Hytera, a company based in Shenzhen, Guangdong province, specializes in designing and manufacturing mobile radio communications equipments.

It set up a representative office in the UK in 2005, which has evolved into a headquarters covering markets in western and northern Europe.

Zeng Gang, a senior researcher at the Chinese Academy of Social Sciences' Institute of Finance and Banking, said the Brexit would hit the British pound, causing a negative impact on pound-related assets in Britain.

"Chinese companies owning assets in Britain should readjust their strategies and look to diversify their investment in other European countries if they plan to expand their influence in Europe," he said.
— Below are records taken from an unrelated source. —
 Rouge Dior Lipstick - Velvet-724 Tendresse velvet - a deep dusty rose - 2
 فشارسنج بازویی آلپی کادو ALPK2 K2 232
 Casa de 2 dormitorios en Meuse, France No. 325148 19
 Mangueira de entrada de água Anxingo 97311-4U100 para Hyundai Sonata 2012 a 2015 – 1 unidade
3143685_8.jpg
UK likely to pursue China FTA

Sooner or later, the United Kingdom, if it wants to remain competitive, will follow in Switzerland and Norway's footsteps to enter into free trade agreement talks with China after withdrawing from the European Union, experts said.
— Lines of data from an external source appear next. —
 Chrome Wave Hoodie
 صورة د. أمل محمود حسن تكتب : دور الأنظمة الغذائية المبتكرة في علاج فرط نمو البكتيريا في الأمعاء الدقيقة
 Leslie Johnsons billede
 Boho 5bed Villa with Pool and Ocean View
Wealthy non-EU member Switzerland signed a free trade agreement with China in 2014, and Norway is now in talks with China to reach a bilateral free trade deal.

Ma Yu, a senior researcher at the Chinese Academy of International Trade and Economic Cooperation in Beijing, said the UK was Chinese companies' favorite European investment destination and has strong business and diplomatic ties with China.

"Under such circumstances, it shouldn't take long to complete China-UK free trade agreement talks if both sides want it to be done within a short period," said Ma.

"However, because the UK used to have a strong voice in Brussels, its withdrawal from the EU will raise China's time and resource costs in negotiating the China-EU free trade agreement and a comprehensive EU-China investment agreement with the EU without the UK," said He Wenwei, director of the research center for European and American studies at the China Association of International Trade in Beijing.

Trade of goods between China and the European Union amounted to $564.85 billion in 2015, while trade between China and the UK reached $78.54 billion, according to the General Administration of Customs.

A 0 banknote is placed next to 100 yuan banknotes in this October 16, 2010 file illustration picture taken in Beijing. [Photo/Agencies]

Offshore RMB centers boosted

The status of Frankfurt, Luxembourg and Paris as offshore renminbi centers will improve significantly after the United Kingdom voted to leave the European Union, experts said.

Wen Bin, chief researcher at China Minsheng Banking Corp, said the status of London as a global financial center will be weakened after Britain withdraws from the EU.

"It will trigger an increase in the size and volume of cross-border renminbi transactions at the other three offshore renminbi centers in Europe, which will replace London, while China is pushing forward such transactions under the framework of the Belt and Road Initiative," Wen said.

He expects the renminbi to fall slightly against the US dollar but to remain relatively stable against a basket of currencies.

Zong Liang, deputy director of the Institute of International Finance at the Bank of China, said the British exit will also lead to Chinese banks that are expanding their business worldwide to readjust their global strategies by accelerating deployment in countries such as Germany and France.

Wen agreed, saying that huge business opportunities will emerge for Chinese banks in Europe, whereas their business in London may slow.

Sun Yu, president of Bank of China's London branch, said: "The Brexit will bring uncertainties to ... large international banks. Its impact on London as a world financial center will affect the future strategy of banks. Previously, all European banks used London as their business hub."